Para el economista, hubo "un mal manejo del Banco Central del precio del dólar" y consideró que si el tipo de cambio es flotante entonces que "no intervengan y utilicen la tasa de interés".
"El ancla del tipo de cambio le sirve para frenar la inflación, aunque a costa de atrasar su precio. Y así vamos, a los tumbos, atrasando el precio del dólar para conseguir ese objetivo. Y eso es suicida en una economía con un déficit muy importante en la cuenta corriente, que gasta más dólares de los que genera, porque puede terminar en una crisis mucho más grande”, opinó.
Según la autoridad monetaria, el billete cerró a $ 21,56 para la punta compradora y $ 22,33 para la vendedora.
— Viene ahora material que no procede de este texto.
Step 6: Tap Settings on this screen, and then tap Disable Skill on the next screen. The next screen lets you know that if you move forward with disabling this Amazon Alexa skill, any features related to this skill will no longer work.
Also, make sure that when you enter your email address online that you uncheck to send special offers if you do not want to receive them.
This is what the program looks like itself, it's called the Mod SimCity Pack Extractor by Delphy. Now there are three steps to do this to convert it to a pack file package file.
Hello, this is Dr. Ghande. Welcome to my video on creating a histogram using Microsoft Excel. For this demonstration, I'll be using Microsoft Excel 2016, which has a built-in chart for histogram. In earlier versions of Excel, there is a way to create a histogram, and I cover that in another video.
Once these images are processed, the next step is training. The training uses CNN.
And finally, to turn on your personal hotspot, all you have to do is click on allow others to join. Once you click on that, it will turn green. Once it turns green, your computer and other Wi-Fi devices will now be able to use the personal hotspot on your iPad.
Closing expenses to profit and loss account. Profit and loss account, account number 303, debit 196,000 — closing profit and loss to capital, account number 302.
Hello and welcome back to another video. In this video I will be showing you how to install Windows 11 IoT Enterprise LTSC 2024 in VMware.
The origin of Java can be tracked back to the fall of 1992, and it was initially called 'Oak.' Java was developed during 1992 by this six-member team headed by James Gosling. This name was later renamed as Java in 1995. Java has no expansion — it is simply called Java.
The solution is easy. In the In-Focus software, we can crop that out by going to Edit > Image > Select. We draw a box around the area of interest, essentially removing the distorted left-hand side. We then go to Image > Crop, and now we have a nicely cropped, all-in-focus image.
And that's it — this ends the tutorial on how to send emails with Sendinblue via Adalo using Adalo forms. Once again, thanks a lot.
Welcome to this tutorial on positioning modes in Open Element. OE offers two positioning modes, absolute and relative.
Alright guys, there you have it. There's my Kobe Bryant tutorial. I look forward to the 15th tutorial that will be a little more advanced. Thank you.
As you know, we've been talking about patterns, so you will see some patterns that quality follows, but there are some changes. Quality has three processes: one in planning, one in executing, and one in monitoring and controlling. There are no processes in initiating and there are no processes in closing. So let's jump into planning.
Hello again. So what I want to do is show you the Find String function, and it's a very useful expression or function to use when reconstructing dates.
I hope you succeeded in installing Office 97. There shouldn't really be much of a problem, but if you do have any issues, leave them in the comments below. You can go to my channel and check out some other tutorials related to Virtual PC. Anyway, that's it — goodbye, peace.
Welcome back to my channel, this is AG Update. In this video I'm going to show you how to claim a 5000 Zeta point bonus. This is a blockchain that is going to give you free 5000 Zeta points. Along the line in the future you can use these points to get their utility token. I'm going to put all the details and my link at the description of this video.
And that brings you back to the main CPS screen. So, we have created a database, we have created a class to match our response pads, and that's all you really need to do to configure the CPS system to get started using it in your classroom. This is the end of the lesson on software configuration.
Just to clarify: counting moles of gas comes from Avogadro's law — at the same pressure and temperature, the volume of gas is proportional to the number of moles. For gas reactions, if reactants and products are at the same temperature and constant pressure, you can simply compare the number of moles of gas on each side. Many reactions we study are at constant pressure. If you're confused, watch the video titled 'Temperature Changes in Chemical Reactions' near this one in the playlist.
En los mostradores del Banco Nación el billete verde finalizó a $ 22,30.
En algunas entidades financieras, como el ICBC, fue ofrecido a $ 22,45; mientras en otras como Francés y Supervielle, operó a $ 22,40. En el segmento mayorista cotizó a $ 21,96, lo cual representó un incremento de 16 centavos frente al viernes.
Firme demanda
En medio de un persistente clima de nerviosismo en la city y una firme demanda de divisas, el presidente Mauricio Macri se reunió en Casa Rosada con integrantes del equipo económico y el presidente del Banco Central, Federico Sturzenegger (ver página 5).
Las subas en el sector minorista y en el de las grandes operaciones se dieron pese a que la tasa de referencia fue elevada el viernes último en 675 puntos, al 40 por ciento, para intentar frenar la corrida cambiaria que provocó marcadas pérdidas en reservas internacionales desde el 5 de marzo último.
A su vez, fueron registradas a pesar de la vigencia de la disposición del Banco Central respecto de que las entidades financieras deben reducir el tope del patrimonio para la tenencia de moneda extranjera al 10%.
Operadores indicaron que el ajuste monetario en los Estados Unidos y la apreciación del dólar a nivel global impactaron en el valor de las divisas de países emergentes, como la Argentina.
Aclararon, en tanto, que la autoridad monetaria no realizó intervenciones en la plaza financiera y consideraron que hubo un bajo volumen negociado en el segmento de contado que llegó a USD 575,25 millones.
Mientras en los medios internacionales advierten sobre los efectos del avance de tasas para frenar la devaluación del peso y los movimientos de inflación, en el plano local también se perciben críticas.
Economistas alertaron ayer sobre el perjuicio para la economía de mantener una tasa de interés alta por tiempo prolongado, mientras recomendaron impedir que el dólar se retrase frente a la inflación porque debilita aún más la balanza de pagos y agiganta el déficit comercial.
Contra la tasa del 40%
El especialista en macroeconomía Juan Carlos De Pablo precisó que si el Banco Central mantiene la tasa en el 40% podría producirse un "shock devaluatorio e inflacionario".
En tanto, el economista del Cedes Roberto Frenkel aseguró que si el Gobierno insiste en anclar el dólar "otra corrida cambiaria ocurrirá más adelante y con más intensidad".
De Pablo dijo que "si el inversor se queda en pesos, le da el equivalente al 40% anual".
Consultado sobre el tratamiento que el Gobierno le está dando al tema, sostuvo: "No ayuda que aparezca un ministro diciendo una cosa, otro ministro diciendo otra cosa y un Banco Central diciendo que es independiente".
También hizo referencia a la política de endeudamiento que lleva adelante la administración Macri y respondió tajante: "No hay que tomarlo en joda".
Frenkel, por su parte, afirmó que la corrida cambiaria de la semana pasada fue un "llamado de atención para no atrasar el precio del dólar" y explicó que podría perder fuerza con la suba de tasas ordenada por el BCRA.
Para el economista, hubo "un mal manejo del Banco Central del precio del dólar" y consideró que si el tipo de cambio es flotante entonces que "no intervengan y utilicen la tasa de interés".
"El ancla del tipo de cambio le sirve para frenar la inflación, aunque a costa de atrasar su precio. Y así vamos, a los tumbos, atrasando el precio del dólar para conseguir ese objetivo. Y eso es suicida en una economía con un déficit muy importante en la cuenta corriente, que gasta más dólares de los que genera, porque puede terminar en una crisis mucho más grande”, opinó.